In this project I'm simply wrapping the bluemonday HTML sanitizer library with the necessary code to expose it in JavaScript.

Since this will become a CommonJS module, we need to 'export' the functions we want to expose, just like in JS land. GopherJS provides a way to get global objects, so it's just a matter of grabbing exports and setting the properties like so:

func myGoFunc() string {
  return "I'm written in go"
}
func main() {
	js.Module.Get("exports").Set("myGoFunc", myGoFunc)
}

Now on the JS side, when we require the generated JS code, we'll be able to call myGoFunc just like you would expect.

The next step is wrapping and returning a more complex type rather than just a string. In my case I want to expose bluemonday's instance of the Policy struct to Javascript

func UGCPolicy(name string) *js.Object {
  return js.MakeWrapper(bluemonday.UGCPolicy())
}

func main() {
  js.Module.Get("exports").Set("UGCPolicy", UGCPolicy)
}

Here bluemonday will return the *Policy object when we call UGCPolicy, and we will then wrap it using Gopher's MakeWrapper function.

Calling it from Node/JavaScript is then simply:

let bluemonday = require('bluemonday')
let p = bluemonday.UGCPolicy()
let html = p.Sanitize('"<a onblur="alert(secret)" href="http://google.com">Dangerous Input</a>"')

Build and Test process

The build process is simple with GopherJS:

gopherjs build go/main.go -o index.js

We build the main.go file and output it to index.js.

Next, we can run our tests directly against the index.js that we just outputted. In my case I use mocha, so the tests look something like:

let assert = require('chai').assert
let bluemonday = require('../index')

let input = '<a onblur="alert(secret)" href="http://www.google.com">Google</a><p>Yo</p>'
let sanitized = '<a href="http://www.google.com" rel="nofollow">Google</a><p>Yo</p>'

describe('Basic markdown', function() {
  it('should work with UGCPolicy', function(done) {
    let p = bluemonday.UGCPolicy()
    let html = p.Sanitize(input)
    assert.equal(html, sanitized)
    done()
  })
})

Travis CI

This ones a little less obvious. We have a bit of a Frankenstein project here; we want to test the JS code, but we also want Travis to build the JS code from our go code first. We could include the compiled JS in the repo, but I'd like to avoid that.

Therefore, the requirements are a test image capable of running go >= 1.5 and Node.js.

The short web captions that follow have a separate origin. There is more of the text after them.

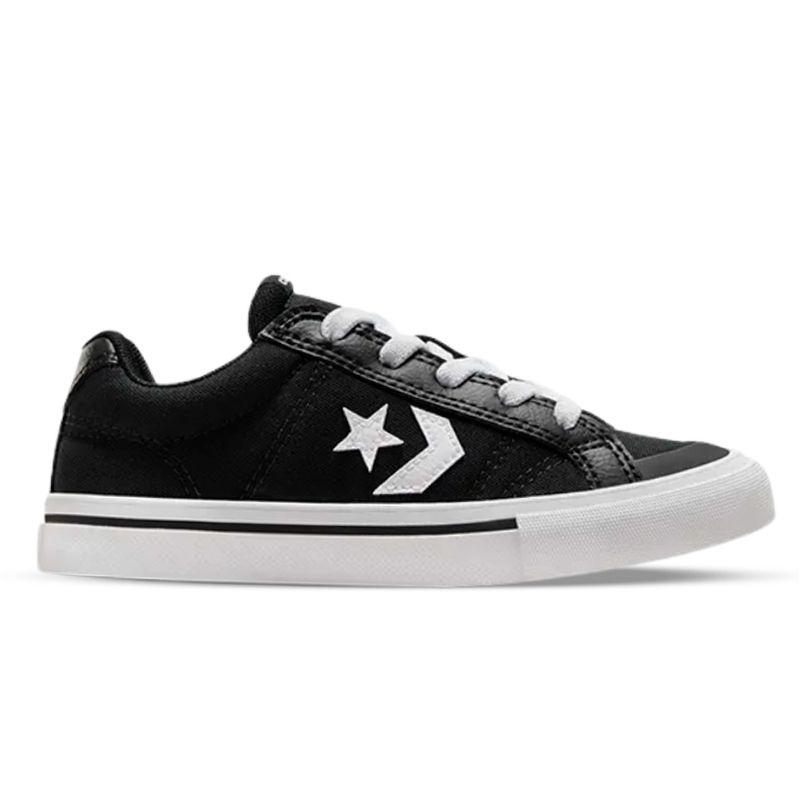 ZAPATILLAS-URBANAS-NIÑO-CONVERSE-SPORT-CASUAL-OX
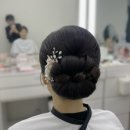 정하기 | 영등포 혼주 헤어메이크업 샵 비교(순수, 나린, 차분아뜰리에, 슬로우데이 브로우&amp;메이크업)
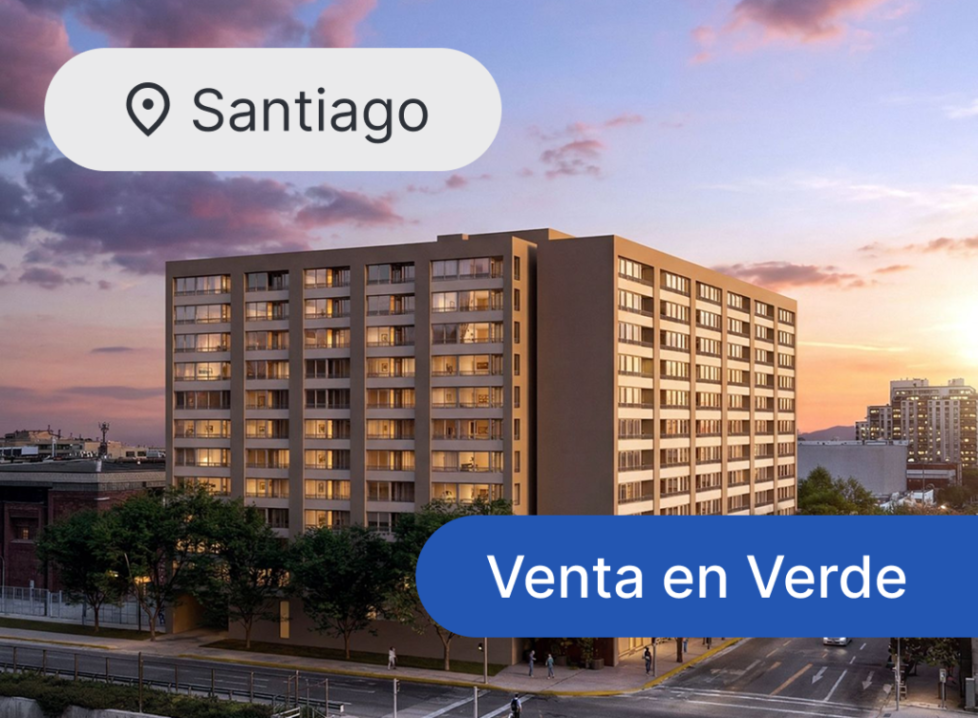 San Pablo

In my experimenting with Travis we can easily get this by asking for a 'go' container with version 1.5 and then manually installing Node.js via nvm.

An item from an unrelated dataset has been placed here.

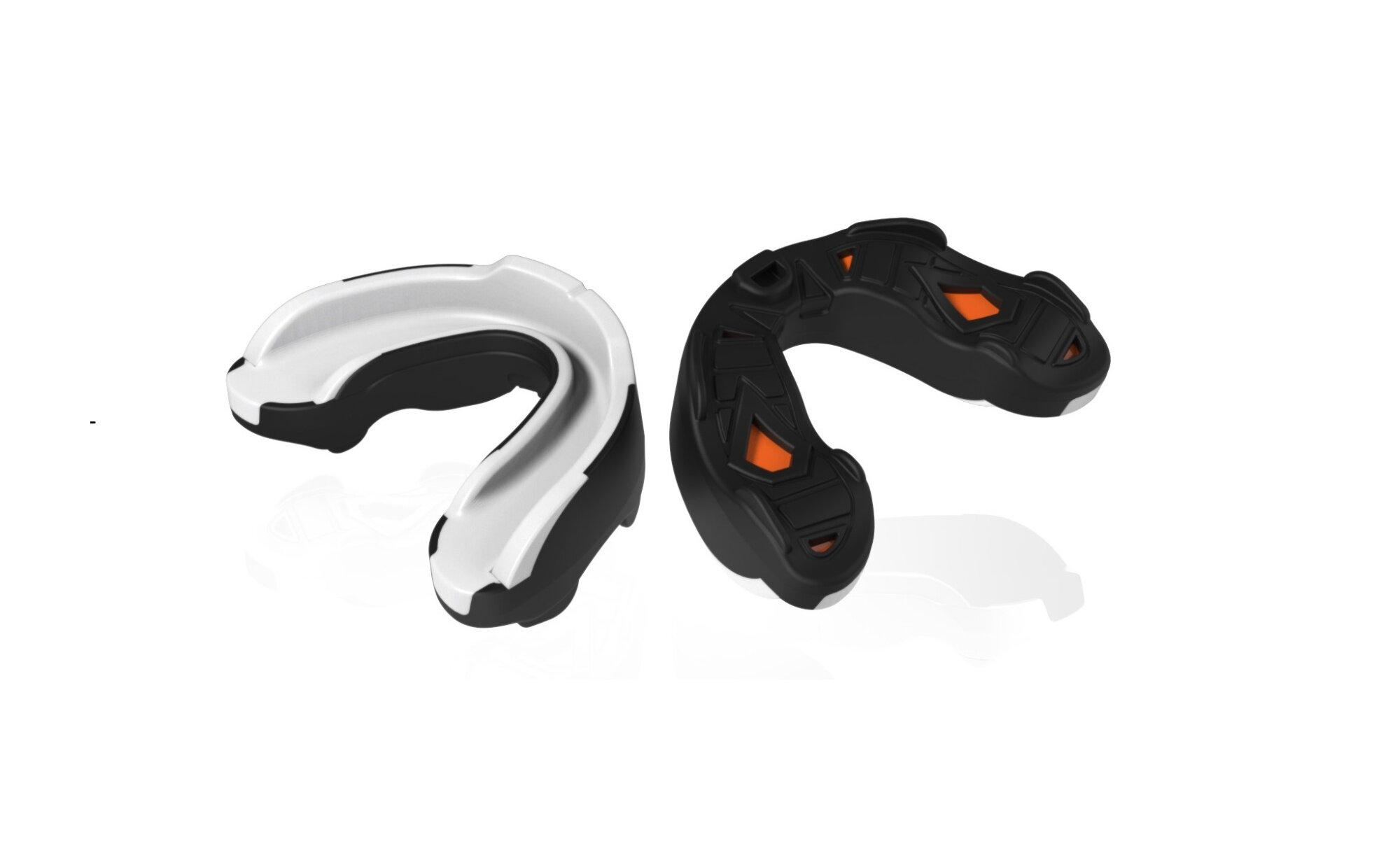 MGA-6274 Черная капа ABSOLUTE - Green Hill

My .travis.yml looks like this.

language: go

go:
  - 1.5

before_script:
  - nvm install 5.0; npm install

install:
  - go get github.com/microcosm-cc/bluemonday
  - go get github.com/gopherjs/gopherjs

This should all be fairly obvious. The next step is running the tests. In a 'go' project Travis will run go test unless there is a Makefile present, in which case it will simple run make. We will therefore need a Makefile to kick off the mocha tests. It's pretty simple:

all: test

test:
	npm run build; npm test

.PHONY: all test

I'm calling the npm cli to run two scripts as part of the test. I have those scripts inside my package.json file as follows:

  1. "build": "gopherjs build go/main.go -m -o index.js"
  2. "test": "mocha --compilers js:babel-core/register test/*_test.js"

Deploying to npm

There are plenty of articles on how to do this (Basically npm publish), so I'll just point out a one caveat.

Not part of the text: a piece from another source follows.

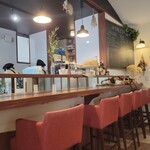 Cafe VALEUR -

I use .gitignore to prevent our compiled JS code from ending up in source control. npm will therefore also ignore the compiled code when it packages up the module, so we will need to use a .npmignore file to negate this. In the .npmignore I'm also excluding our go source from getting packaged.

/go

Now we have the git repo ignoring our compiled JS, and the npm package including it but excluding the go source code from the distributed module.

Conclusion

This all works surprisingly well. The module we end up with can be consumed by anyone via NPM and the process is farily easy once it's setup. I hope this helps anyone looking to do something similar. Feel free to file a pull request if you have anything to add.